Aging syndrome genes and premature coronary artery disease

Adrian F Low¹ , Christopher J O'Donnell²^,3 , Sekar Kathiresan²^,3 , Brendan Everett² , Claudia U Chae² , Stanley Y Shaw¹ , Patrick T Ellinor¹ and Calum A MacRae¹

¹Cardiovascular Research Center and Cardiology Division, Massachusetts General Hospital, and Harvard Medical School, Boston, MA, USA

²Cardiology Division, Massachusetts General Hospital, and Harvard Medical School, Boston, MA, USA

³The Framingham Heart Study, Framingham MA, and the National Heart, Lung, and Blood Institute, National Institutes of Health, Bethesda, MD, USA

author email corresponding author email

BMC Medical Genetics 2005, 6:38doi:10.1186/1471-2350-6-38


Published:	31 October 2005

Abstract

Background

Vascular disease is a feature of aging, and coronary vascular events are a major source of morbidity and mortality in rare premature aging syndromes. One such syndrome is caused by mutations in the lamin A/C (LMNA) gene, which also has been implicated in familial insulin resistance. A second gene related to premature aging in man and in murine models is the KLOTHO gene, a hypomorphic variant of which (KL-VS) is significantly more common in the first-degree relatives of patients with premature coronary artery disease (CAD). We evaluated whether common variants at the LMNA or KLOTHO genes are associated with rigorously defined premature CAD.

Methods

We identified 295 patients presenting with premature acute coronary syndromes confirmed by angiography. A control group of 145 patients with no evidence of CAD was recruited from outpatient referral clinics. Comprehensive haplotyping of the entire LMNA gene, including the promoter and untranslated regions, was performed using a combination of TaqMan^®probes and direct sequencing of 14 haplotype-tagging single nucleotide polymorphisms (SNPs).

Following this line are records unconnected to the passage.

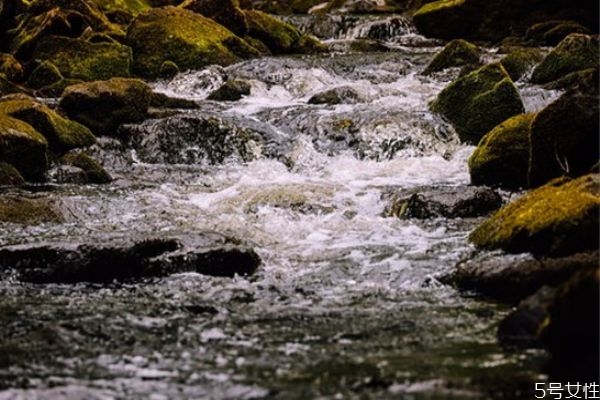 鳳凰男和什么女人合適 為什么鳳凰男喜歡娶獨(dú)生女 鳳凰男和什么女人合適 為什么鳳凰男喜歡娶獨(dú)生女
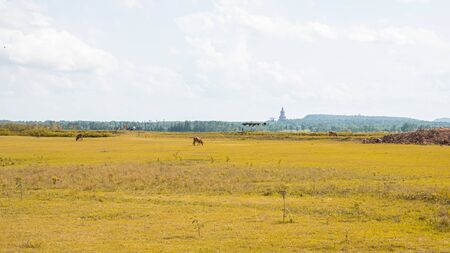 Landscape view of Wat Phu Khao temple lamdmark in Kalasin, Thailand.の写真素材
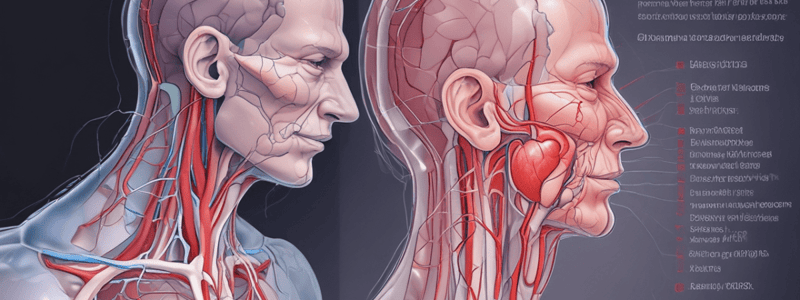 Understanding Sinus Bradycardia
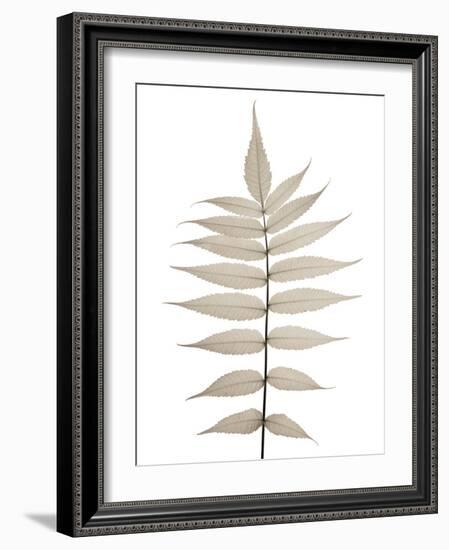 Lithe Leaves-Assaf Frank-Framed Giclee Print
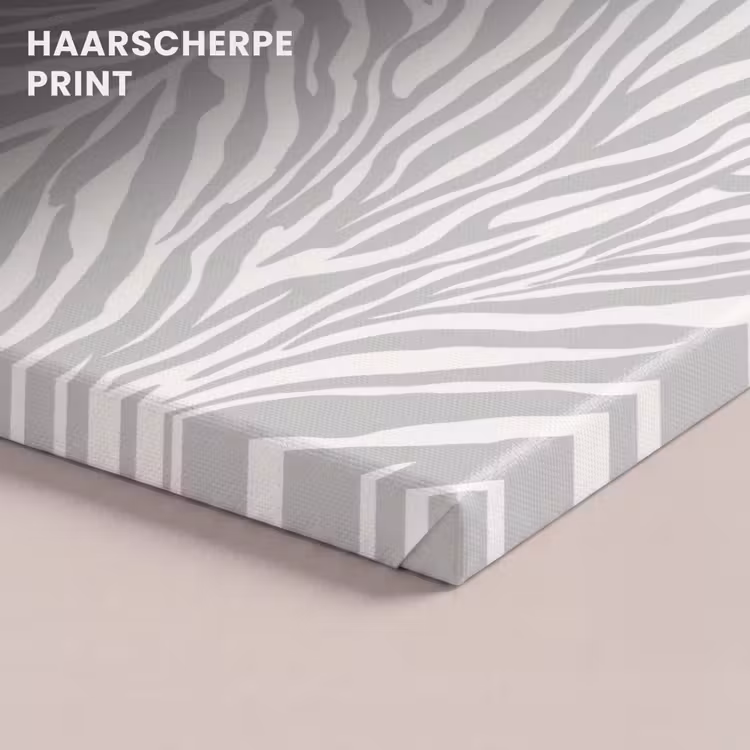 Canvas schilderij - Zebra - Motief - Grijs — 5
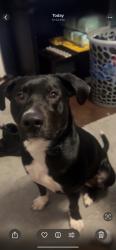 Lost Male Dog last seen Bales and Bridgemannor, Kansas City, MO 64137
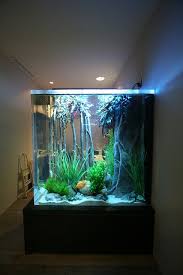 500 Gallon Freshwater Aquarium Design Aquarium Fish Tank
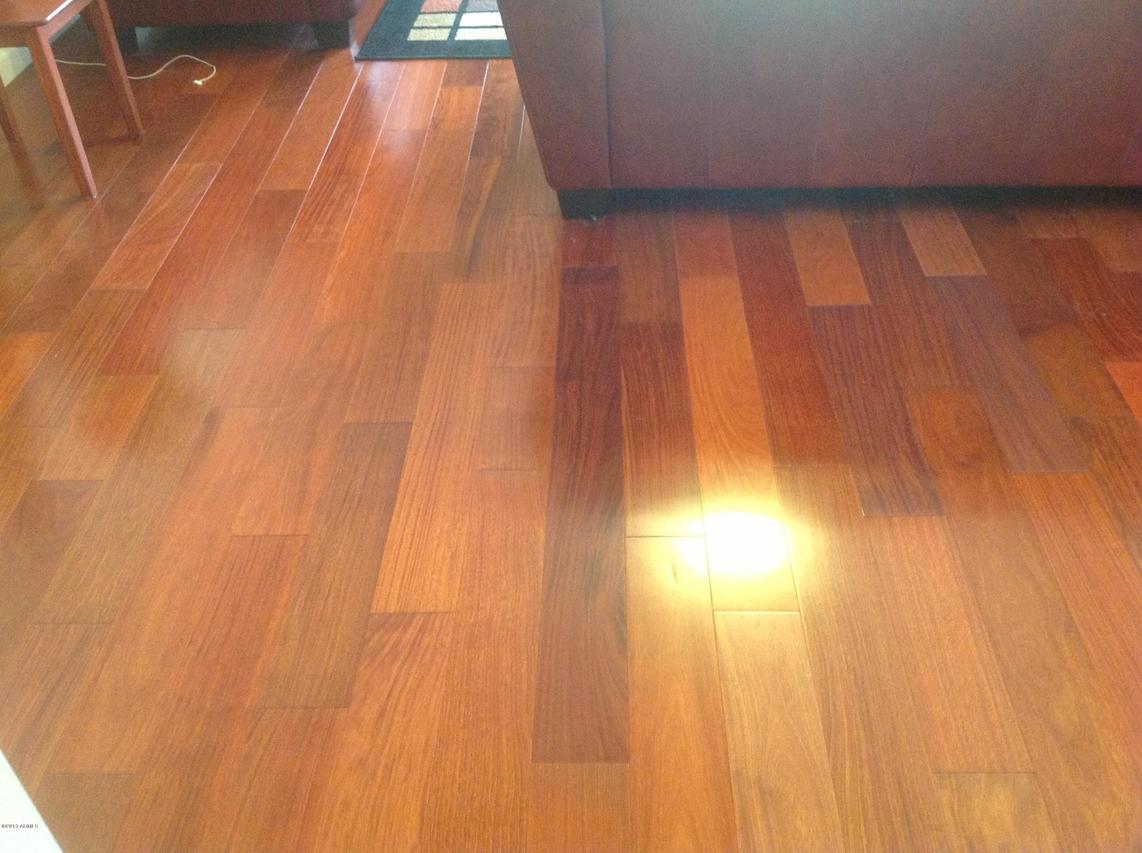 3219 W Saint Kateri Dr., Phoenix, AZ 85041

The KL-VS variant of the KLOTHO gene was typed using restriction digest of a PCR amplicon.

Results

Two SNPs that were not in Hardy Weinberg equilibrium were excluded from analysis. We observed no significant differences in allele, genotype or haplotype frequencies at the LMNA or KLOTHO loci between the two groups. In addition, there was no evidence of excess homozygosity at the LMNA locus.

Conclusion

Our data do not support the hypothesis that premature CAD is associated with common variants in the progeroid syndrome genes LMNA and KLOTHO.